(Required action) In the listing below, find each line containing "Thank" and report it.

(Extracted material)
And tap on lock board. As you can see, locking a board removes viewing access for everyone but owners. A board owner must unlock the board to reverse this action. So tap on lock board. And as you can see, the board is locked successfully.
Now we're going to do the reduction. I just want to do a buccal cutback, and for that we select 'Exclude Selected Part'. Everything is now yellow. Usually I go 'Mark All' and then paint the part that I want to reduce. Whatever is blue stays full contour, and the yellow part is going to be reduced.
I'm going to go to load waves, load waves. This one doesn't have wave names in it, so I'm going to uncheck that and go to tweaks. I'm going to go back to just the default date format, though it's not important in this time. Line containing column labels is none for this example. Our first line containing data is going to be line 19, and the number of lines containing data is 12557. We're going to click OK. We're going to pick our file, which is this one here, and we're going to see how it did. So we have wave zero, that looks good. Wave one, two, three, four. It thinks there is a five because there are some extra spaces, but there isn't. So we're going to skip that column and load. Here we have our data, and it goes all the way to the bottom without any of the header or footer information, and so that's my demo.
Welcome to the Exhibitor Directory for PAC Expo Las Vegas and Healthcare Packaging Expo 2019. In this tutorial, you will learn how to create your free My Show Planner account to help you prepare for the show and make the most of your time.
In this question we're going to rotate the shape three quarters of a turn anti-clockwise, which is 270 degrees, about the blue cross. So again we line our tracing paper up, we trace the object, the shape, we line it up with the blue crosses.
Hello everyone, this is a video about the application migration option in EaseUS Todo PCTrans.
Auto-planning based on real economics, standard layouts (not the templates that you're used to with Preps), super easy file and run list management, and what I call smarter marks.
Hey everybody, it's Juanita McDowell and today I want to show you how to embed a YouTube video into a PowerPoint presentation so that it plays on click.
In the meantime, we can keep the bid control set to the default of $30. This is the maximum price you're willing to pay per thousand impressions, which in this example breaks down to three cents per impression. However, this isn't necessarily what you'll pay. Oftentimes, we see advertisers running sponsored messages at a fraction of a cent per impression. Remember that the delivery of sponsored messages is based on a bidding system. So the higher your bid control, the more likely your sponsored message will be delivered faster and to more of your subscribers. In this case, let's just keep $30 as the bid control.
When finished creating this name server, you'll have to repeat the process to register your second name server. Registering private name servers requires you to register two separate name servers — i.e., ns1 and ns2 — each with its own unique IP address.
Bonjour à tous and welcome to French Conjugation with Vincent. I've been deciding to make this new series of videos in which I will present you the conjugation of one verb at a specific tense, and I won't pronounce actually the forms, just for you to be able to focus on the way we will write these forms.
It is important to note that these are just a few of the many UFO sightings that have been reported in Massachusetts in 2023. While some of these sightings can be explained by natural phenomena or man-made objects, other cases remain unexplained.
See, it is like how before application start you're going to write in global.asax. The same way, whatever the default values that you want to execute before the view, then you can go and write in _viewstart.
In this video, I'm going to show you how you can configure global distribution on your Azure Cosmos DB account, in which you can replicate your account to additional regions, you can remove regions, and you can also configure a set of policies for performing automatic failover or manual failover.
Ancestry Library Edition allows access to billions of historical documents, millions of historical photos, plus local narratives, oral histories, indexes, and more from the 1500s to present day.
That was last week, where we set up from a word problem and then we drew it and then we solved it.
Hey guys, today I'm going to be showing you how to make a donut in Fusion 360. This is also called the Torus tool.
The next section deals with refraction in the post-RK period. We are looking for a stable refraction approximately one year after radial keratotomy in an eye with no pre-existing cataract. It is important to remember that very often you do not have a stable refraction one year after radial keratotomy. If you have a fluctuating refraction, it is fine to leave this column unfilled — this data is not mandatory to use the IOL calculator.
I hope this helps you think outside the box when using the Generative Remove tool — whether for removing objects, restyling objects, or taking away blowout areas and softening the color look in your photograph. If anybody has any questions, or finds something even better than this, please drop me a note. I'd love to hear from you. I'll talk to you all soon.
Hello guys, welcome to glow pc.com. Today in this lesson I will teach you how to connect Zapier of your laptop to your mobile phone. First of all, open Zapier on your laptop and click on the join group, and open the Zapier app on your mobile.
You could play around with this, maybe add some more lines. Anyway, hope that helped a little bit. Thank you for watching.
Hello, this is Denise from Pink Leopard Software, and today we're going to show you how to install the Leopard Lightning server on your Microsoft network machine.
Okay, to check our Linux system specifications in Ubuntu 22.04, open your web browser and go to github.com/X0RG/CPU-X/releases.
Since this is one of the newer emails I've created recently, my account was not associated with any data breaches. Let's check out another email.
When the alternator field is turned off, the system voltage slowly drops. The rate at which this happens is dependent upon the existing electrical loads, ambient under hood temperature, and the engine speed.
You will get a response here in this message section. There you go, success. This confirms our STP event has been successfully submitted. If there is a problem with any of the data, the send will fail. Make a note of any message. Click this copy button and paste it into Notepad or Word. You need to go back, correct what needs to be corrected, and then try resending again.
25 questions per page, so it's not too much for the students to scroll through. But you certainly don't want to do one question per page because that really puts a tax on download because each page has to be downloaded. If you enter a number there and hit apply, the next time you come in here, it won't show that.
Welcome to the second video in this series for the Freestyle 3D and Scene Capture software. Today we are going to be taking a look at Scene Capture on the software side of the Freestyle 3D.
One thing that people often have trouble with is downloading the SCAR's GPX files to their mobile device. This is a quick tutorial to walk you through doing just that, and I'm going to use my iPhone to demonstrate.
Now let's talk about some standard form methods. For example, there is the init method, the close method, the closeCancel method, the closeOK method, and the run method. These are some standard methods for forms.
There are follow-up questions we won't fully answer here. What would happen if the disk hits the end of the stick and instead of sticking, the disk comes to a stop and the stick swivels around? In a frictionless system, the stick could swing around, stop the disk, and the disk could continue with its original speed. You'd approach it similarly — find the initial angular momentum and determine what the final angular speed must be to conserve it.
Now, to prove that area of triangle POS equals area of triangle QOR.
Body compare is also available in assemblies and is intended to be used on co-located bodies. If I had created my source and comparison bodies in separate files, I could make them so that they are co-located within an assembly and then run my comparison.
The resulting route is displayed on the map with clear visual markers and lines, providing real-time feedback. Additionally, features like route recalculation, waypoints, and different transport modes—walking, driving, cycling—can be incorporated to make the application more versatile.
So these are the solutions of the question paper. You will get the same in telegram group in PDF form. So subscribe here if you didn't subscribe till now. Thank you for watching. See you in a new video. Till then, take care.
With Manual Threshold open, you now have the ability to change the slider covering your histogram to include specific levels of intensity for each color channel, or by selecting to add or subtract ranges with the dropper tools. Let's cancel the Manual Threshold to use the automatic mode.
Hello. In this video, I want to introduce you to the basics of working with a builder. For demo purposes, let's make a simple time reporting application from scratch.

(Written answer)
You could play around with this, maybe add some more lines. Anyway, hope that helped a little bit. Thank you for watching.
So these are the solutions of the question paper. You will get the same in telegram group in PDF form. So subscribe here if you didn't subscribe till now. Thank you for watching. See you in a new video. Till then, take care.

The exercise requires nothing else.